Hurricane Ian targets the Carolina coast in September; 30, 2022.
NOAA
CHARLESTON, South Carolina – The death toll from Hurricane Ian on Saturday rose to more than 77 as one of the most powerful and deadliest storms ever to hit the United States pushed north from the Carolinas, leaving in its wake a trio of misery – serious flooding, power outages and massive destruction.
Ian, which hit Florida on Wednesday with 150 mph winds, was downgraded to a post-tropical hurricane after marching through South Carolina and was expected to weaken further as it moved later on Saturday into south central Virginia before turning toward the middle of the ocean. Atlantic. .
According to the National Hurricane Center, the storm was still carrying maximum sustained winds of 35 mph.
But the NHC also warned of potential flash floods in both urban and rural areas across the central Appalachian Mountains and the south-central Atlantic region over the weekend, as well as continuing record river flooding across parts of Florida.
77 confirmed storm-related deaths have been recorded in Florida and North Carolina, according to a count by state officials and the NBC News Census. As rescue efforts continued and floodwaters receded in places littered with wrecked homes, local officials warned that the death toll could rise.
At least 1,100 rescues have been conducted in Florida since Ian made landfall in the state, Florida’s governor. Ron DeSantis said at a news conference on Saturday.
“There has been a huge outpouring of support and I’ve seen a lot of resilience in this community of people who want to revive themselves and want to get their communities back on their feet,” DeSantis told reporters. “We’ll be here and help every step of the way.”
Rear Admiral. Brendan McPherson, who commands the Coast Guards in Florida, Georgia, South Carolina, Puerto Rico and the US Virgin Islands, told the Today Show Saturday morning that the power outages were complicating rescue efforts as people in affected communities who had no cell phone service or electricity were suffering. Temporarily cut off from the rest of the world.

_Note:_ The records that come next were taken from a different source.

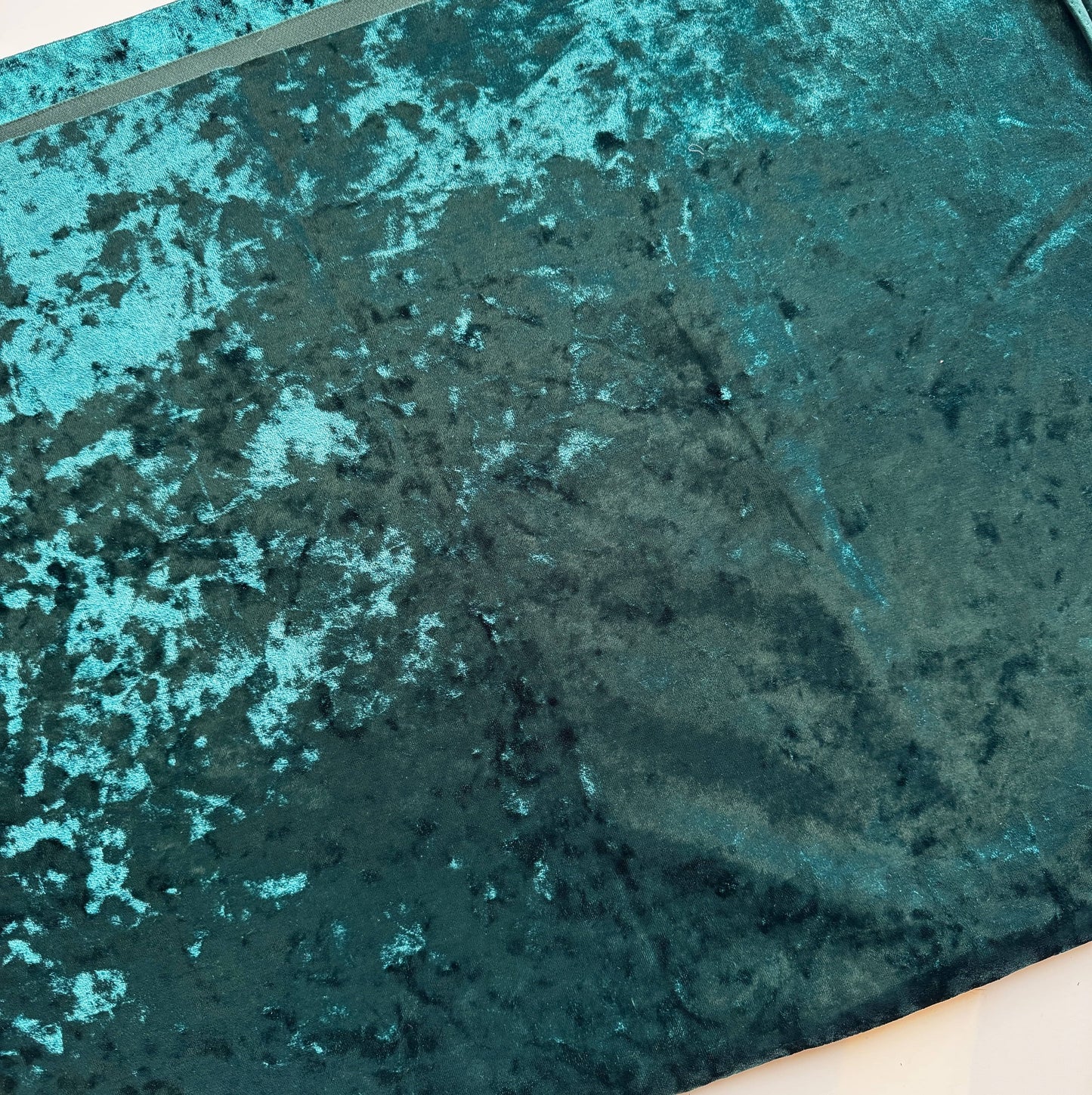 Teal velvet fabric - 9A8E111E-5AC0-4A7E-BB37-43858C5D0338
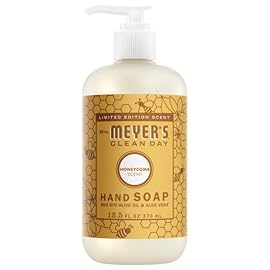 Mrs. MEYER\'S CLEAN DAY Liquid Hand Soap Variety Pack 12.5 OZ Each, 3 Count (Geranium + Honeysuckle + Rosemary)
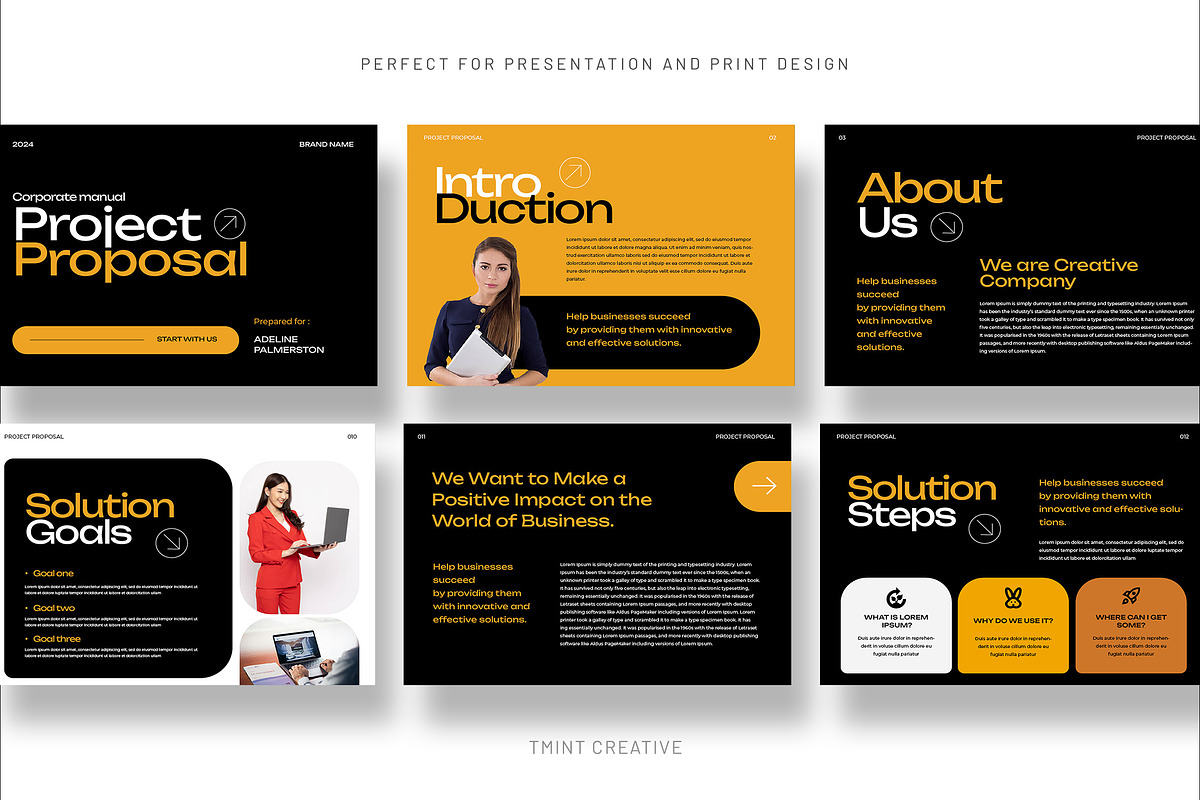 Corporate Project Proposal Template, a Magazine Template by TMint Play (Photo 2 of 6)
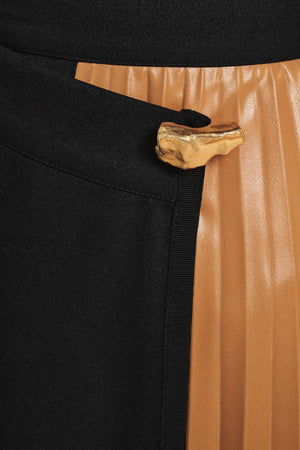 Wrap Plisse Skirt by Abadia 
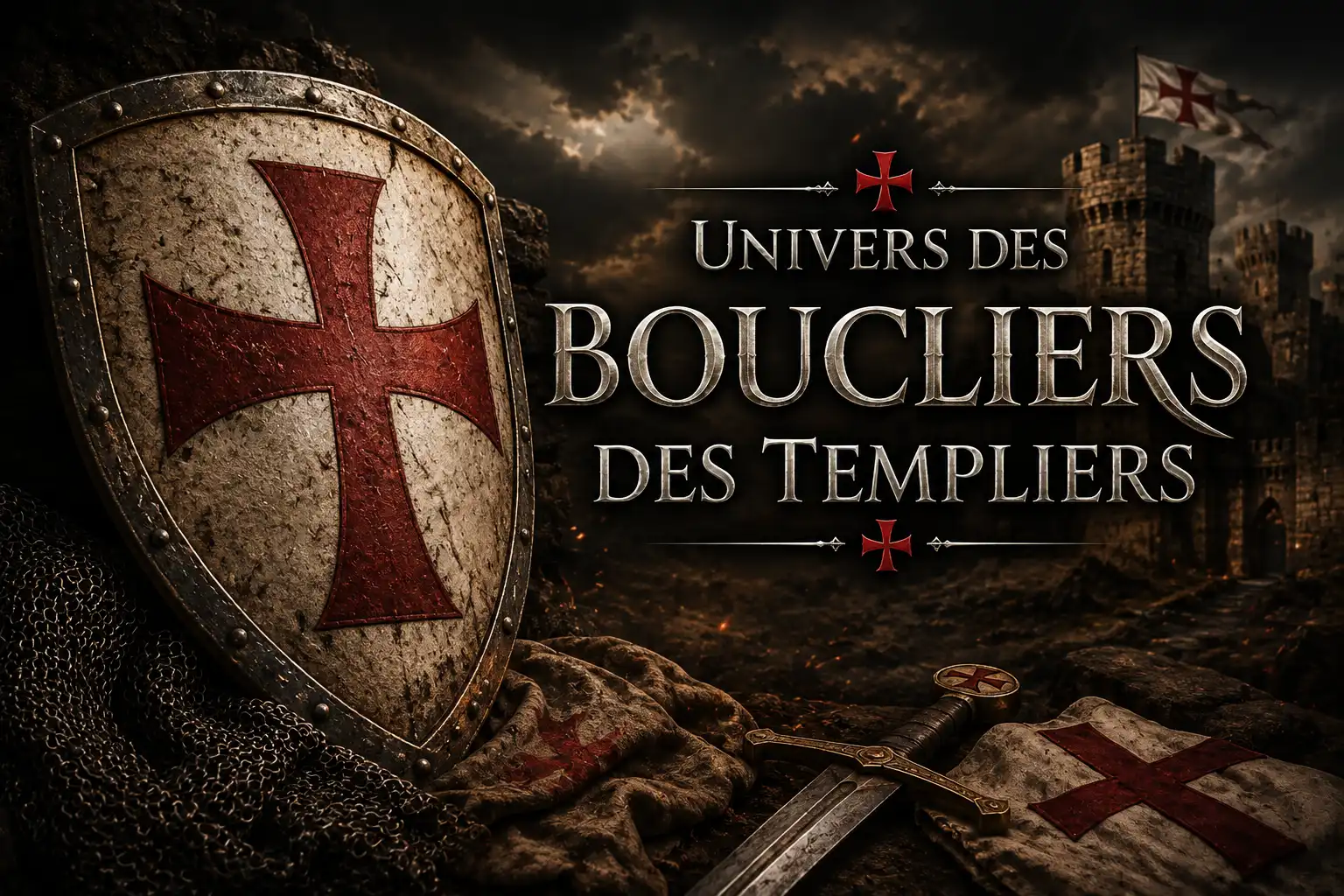 Univers des Boucliers des Templiers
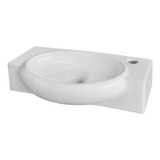 Lux Sany Lavabo Blanco Montado En Pared Para Llave Monomando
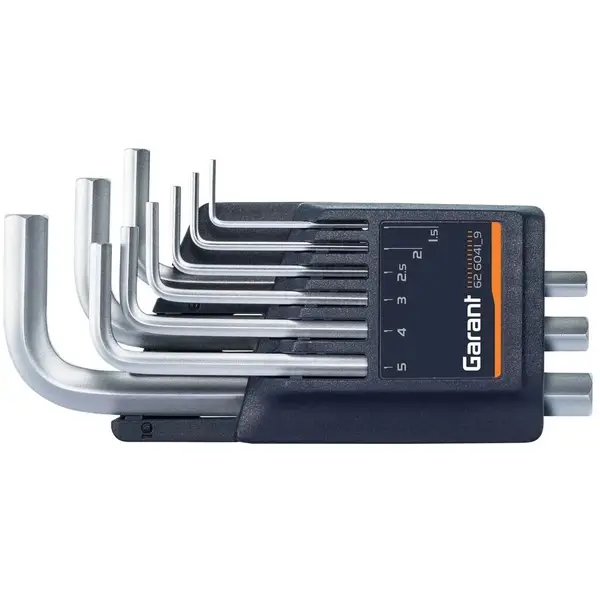 BỘ LỤC GIÁC CHỮ L GARANT 9 CÂY LOẠI NGẮN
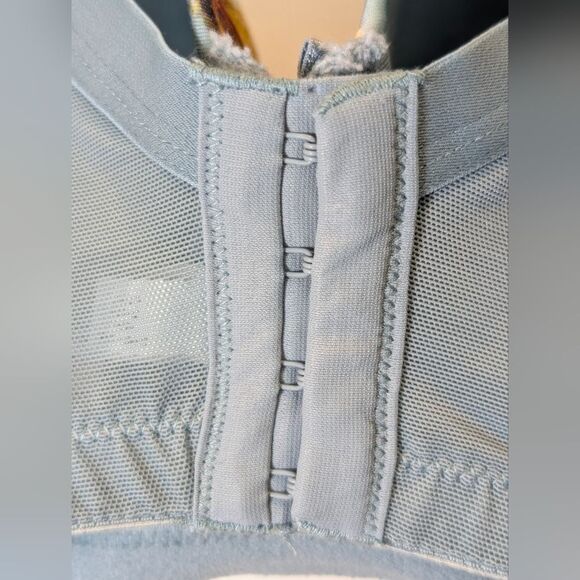 Cacique Lane Bryant 44DDD Blue Floral Boost Balconette Bra Lace Push Up - Picture 3 of 7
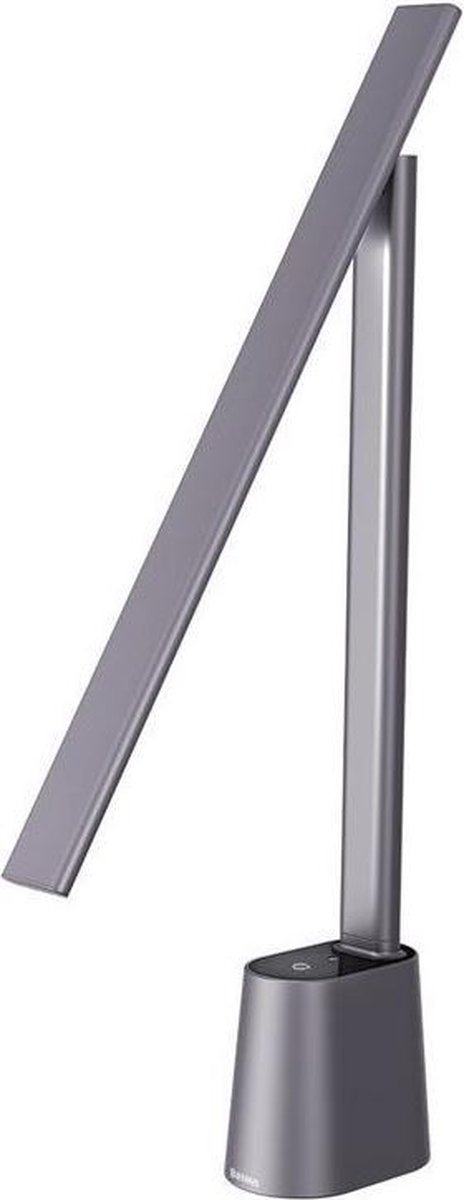 Baseus - Verstelbaar Bureaulamp LED - Automatisch/Handmatig Dimbaar - Wit en Warm Licht - Grijs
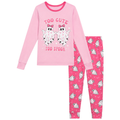 Pink Too Cute Girls Halloween Pajamas Set - 2T-12, Long Sleeve & Pants, 5-6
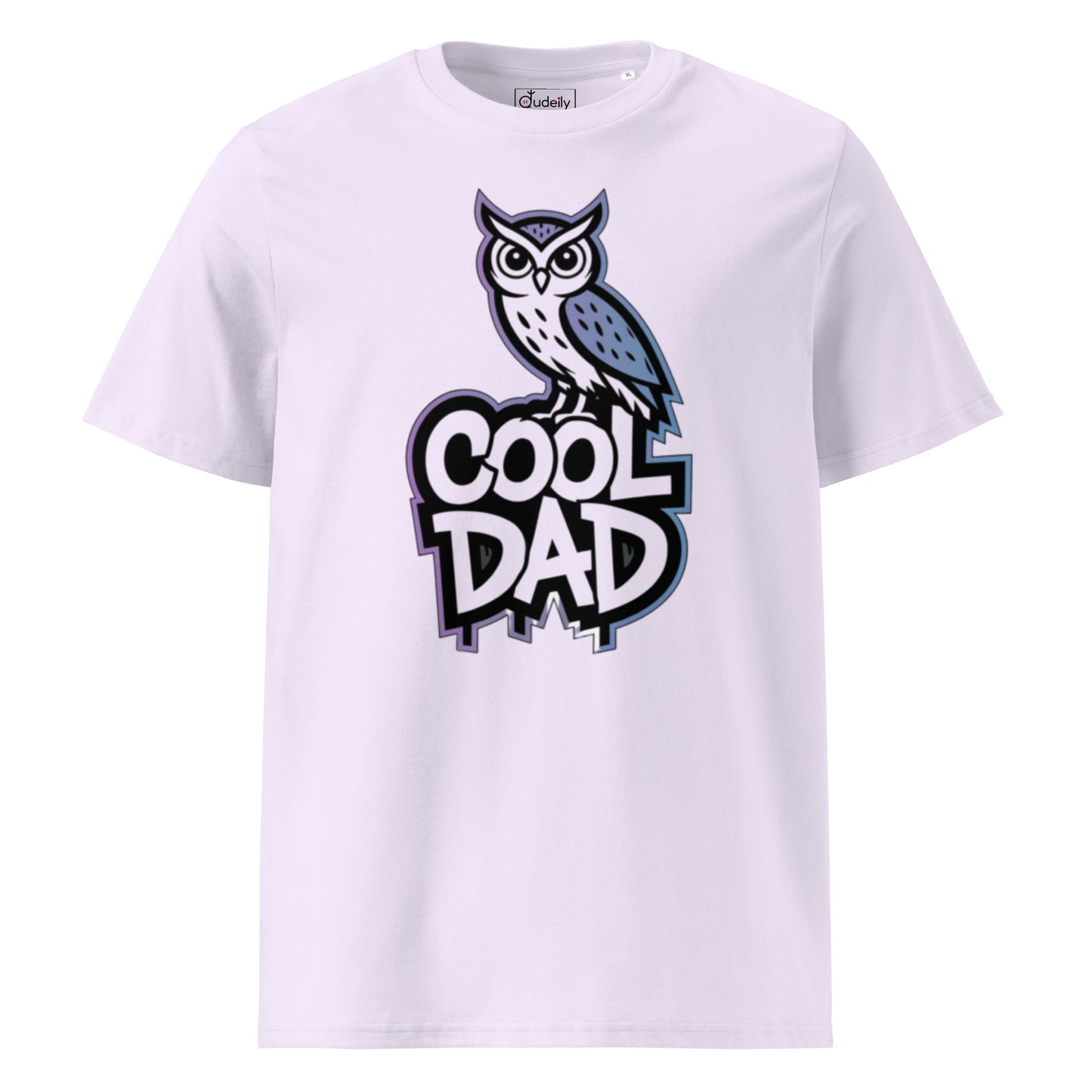 Unisex Organic Ribbed Neck T-Shirt – Owl-Themed Eco-Friendly Style by Dudeily Dudeily
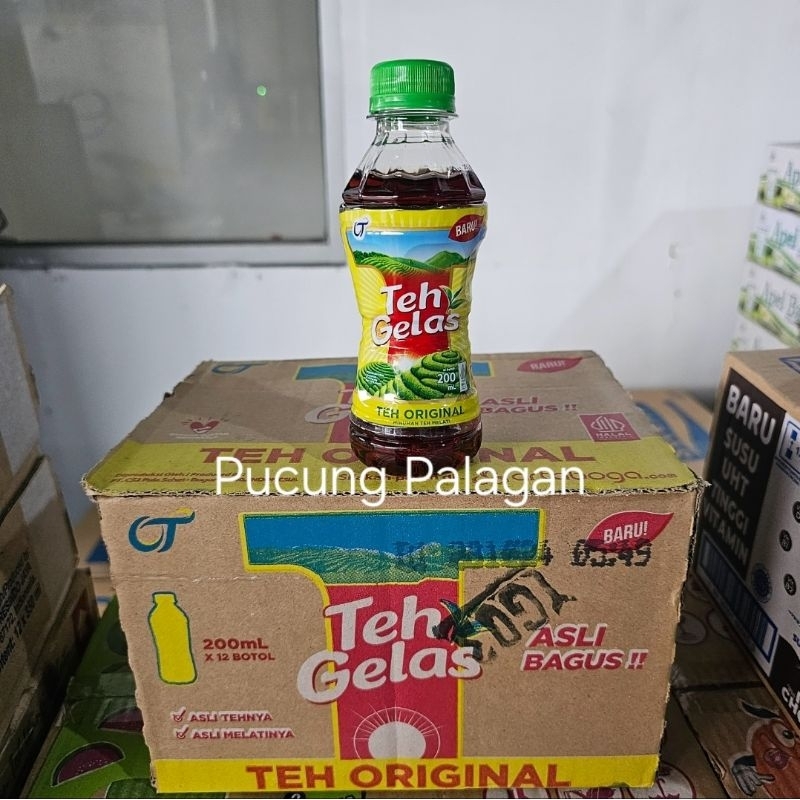 Jual Teh Gelas Teh Siap Minum Kemasan Botol 200 Ml Isi 12 Botol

First responders with Orange County Fire Rescue check the well-being of residents as they make their way through a flooded neighborhood in the aftermath of Hurricane Ian, Thursday, September 9. 29, 2022, in Orlando, Florida.
Phelan M Inhak | AP
“It’s one of the biggest challenges,” he said. “Immediately after this storm, we sought and found air crews looking for people in need of help.”
But MacPherson said most of the cut-off areas of southwest Florida are now reached either by air or by urban search and rescue teams that go door-to-door by boat.
In Florida, nearly 1.3 million homes and businesses were still without power early Saturday, three days after Ian hit the state.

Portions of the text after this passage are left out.